BBC Sounds, Music, Radio, podcasts.

0:06.1

Welcome to the inquiry from the BBC World Service. I'm William Crawley. Each week, one question, four expert witnesses, and an answer.

0:16.7

In May this year, the Catholic Church made history. For the first time, the keys of St. Peter were handed to a cardinal born in the United States.

0:26.4

It marked a striking departure from his predecessor, Pope Francis.

0:31.5

Francis put social justice at the heart of his papacy.

0:35.6

To some, it was the gospel in action.

0:38.7

To others, it looked like the Vatican had become woke.

0:44.8

So when Pope Leo stepped out onto the balcony at St. Peter's Basilica for the first time,

0:50.6

dressed in more traditional papal robes,

0:53.5

many conservatives in the church breathed a quiet sigh of relief.

0:58.8

Would the new Pope steer the Vatican away from what some saw as a liberal drift under Francis?

1:05.5

Or would he be more of the same, dressed differently?

1:09.7

Now, just six months into his papacy, as Leo begins to reveal his

1:15.2

own priorities, that question has become more urgent.
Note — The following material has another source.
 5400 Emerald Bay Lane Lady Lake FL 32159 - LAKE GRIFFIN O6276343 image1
So this week on the inquiry, on the eve of

1:24.2

Leo's first international tour, we're asking, is the new Pope woke?

1:31.4

Part 1, going woke.

1:34.7

Before we go any further, we need to understand what it means to be woke.

1:40.2

Massimo Fagioli is an Italian academic,

1:43.5

a professor of church history and theology at Trinity College Dublin in Ireland and at Villanova University in the United States, with the future Pope Leo was once a student.

1:54.6

Walkness means that there are certain structures of power that affect especially racial relations and gender relations

2:05.6

that have numbed us.

2:08.6

And so we need to wake up and recognize these structures of oppression

...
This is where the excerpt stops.